19 of 93 comments (clear)

  1. Traffic lights by Anonymous Coward · · Score: 4, Funny

    Hopefully they find a way to program those (!@#) traffic lights a little better with this!

    1. Re:Traffic lights by FlyingBishop · · Score: 2, Insightful

      They aren't programmed to get you where you're going quickly. They're programmed to slow you down so you don't run into someone (and no one runs into you.)

  2. Sleep and Work? by Dayze!Confused · · Score: 5, Interesting

    Seeing how 66.67% of the time I am either sleeping at home or at work it shouldn't be too hard to fill the other 27% with commute/grocery shopping.

    --
    "All tyranny needs to gain a foothold is for people of good conscience to remain silent." [Thomas Jefferson]
    1. Re:Sleep and Work? by Cryacin · · Score: 4, Funny

      I'd never trust a statistic I didn't make up myself.

      --
      Science advances one funeral at a time- Max Planck
    2. Re:Sleep and Work? by kerrbear · · Score: 3, Funny

      If they track my wife's phone, they'll notice she spends 93% of the time in her desk drawer. Why the heck do I pay for her phone when she never has it on her!?
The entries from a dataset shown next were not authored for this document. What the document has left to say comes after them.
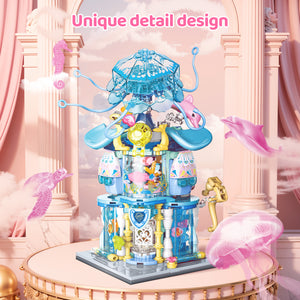 700PCS Fantasy Aquarium Building Blocks Set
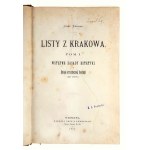 Józef Kremer, Dzieła Józefa Kremera Tom IV. Listy z Krakowa Tom I: Wstępne Zasady Estetyki i Dzieje Artystycznej Fantazyi Część Pierwsza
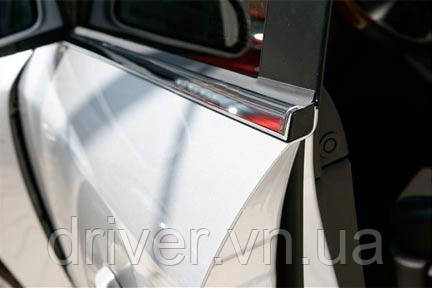 Накладки хромированные на стекла (нижние) (4шт) Skoda SuperB 2001-2009, Carmos, 6451193, фото 1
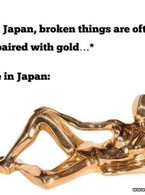 Broken things are repaired with gold in Japan - poza demo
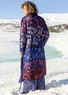 Lang cardigan "Tanana" i bomuld/lyocell (midnatsblå XL)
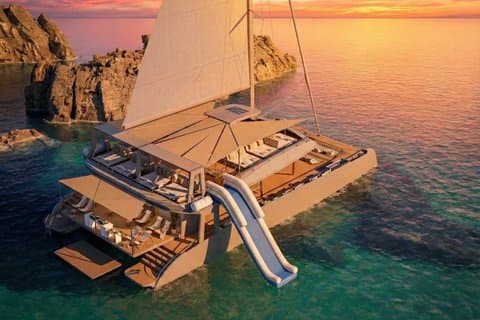 Luxury catamaran sunset walk with BBQ snorkel and VIP area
    3. Re:Sleep and Work? by caffeinemessiah · · Score: 2, Informative

      Seeing how 66.67% of the time I am either sleeping at home or at work it shouldn't be too hard to fill the other 27% with commute/grocery shopping.

      You're not too far off. I worked at the research wing of a phone company, and I can tell you that "tracking" a person using a cell tower is pretty coarse, even in urban areas. Given that most people go to work on weekdays, I'd say that a lot of your "movement" could be predicted on this level by just predicting your average movement. Add in a weekday/weekend variation, and 93% is hardly surprising.

      This isn't even one of those "well duh, in RETROSPECT everything is obvious" studies -- anyone who has ever worked with CDR (mobile phone) data knows that this is pretty obvious even before running the experiments.

      And for the people who bring up the MIT Reality Mining experiment, keep in mind that they tracked about 100 *individuals*, all of whom were MIT students with pretty regular routines.

      --
      An old-timer with old-timey ideas.
    4. Re:Sleep and Work? by miggyb · · Score: 5, Funny

      Switch her to a pay as you go contract?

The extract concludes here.